2 Tex. State Teachers Ass’n v. Garland Indep. Sch. Dist., 489 U.S. 782, 791-92 (1989) (internal alteration and quotations omitted). 3 Dartez v. Peters, 2022 WL 2817601, at *6 (D. Kan. 2022). 4 Flitton v. Primary Residential Mortg., Inc., 614 F.3d 1173, 1176 (10th Cir. 2010) (citation omitted). 5 Homeward Bound, Inc. v. Hissom Mem’l Ctr., 963 F.2d 1352, 1355 (10th Cir. 1992) (quoting Pennsylvania v. Del. Valley Citizens’ Council for Clean Air, 478 U.S. 546, 565 (1986), as supplemented, 483 U.S. 711 (1987)). 6 488 F.2d 714 (5th Cir. 1974), abrogated in part on other grounds by Blanchard v. Bergeron, 489 U.S. 87, 90 (1989)). 7 Anchondo v. Anderson, Crenshaw & Assocs., L.L.C., 616 F.3d 1098, 1103 (10th Cir. 2010 (noting that “under appropriate circumstances [the Johnson factors] may be useful in determining subsequent ad hoc adjustments to the lodestar.”). 8 Cecil v.

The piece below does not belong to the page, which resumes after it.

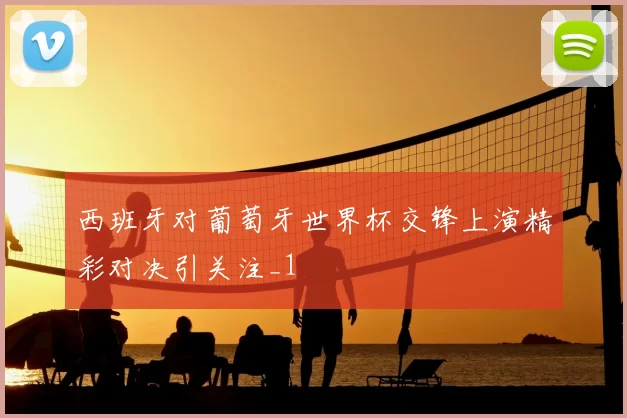 西班牙对葡萄牙世界杯交锋上演精彩对决引关注_1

BP Am. Prod. Co., 2018 WL 8367957, at *4 (E.D. Okla. 2018). Although the court may consider each factor, it need not consider those factors “subsumed within the initial calculation of hours reasonably expended at a reasonable hourly rate.”9 This is because the lodestar amount should be the primary consideration when determining fee award.10 It is the burden of the party seeking attorney’s fees to “establish the reasonableness of each dollar, each hour, above zero.11 A “reasonable attorney’s fee is one that is adequate to attract

competent counsel, but . . . that does not produce windfalls to attorneys.”12 While an evidentiary hearing is “generally preferred” when a motion for attorney’s fees raises factual disputes, the Court may decide such a motion without a hearing based on its familiarity with the case, so long as the parties are given “ample opportunity to brief and argue” the motion and provide pertinent affidavits.13 Even after a notice of appeal is filed, the district court retains jurisdiction of over collateral matters such as the propriety and amount of an award of attorney’s fees.14

9 Id. (citation and internal quotation marks omitted). 10 Id. (citation and internal quotation marks omitted). 11 Mares v. Credit Bureau of Raton, 801 F.2d 1197, 1210 (10th Cir. 1986). 12 Three RP Ltd. P'ship v. Dick's Sporting Goods, Inc., 2019 WL 7717395, at *1 (E.D. Okla. 2019). 13 Michael A. Cramer, MAI, SRPA, Inc. v. United States, 47 F.3d 379, 383 (10th Cir. 1995) (citing cases). 14 Lancaster v. Indep. Sch. Dist. No.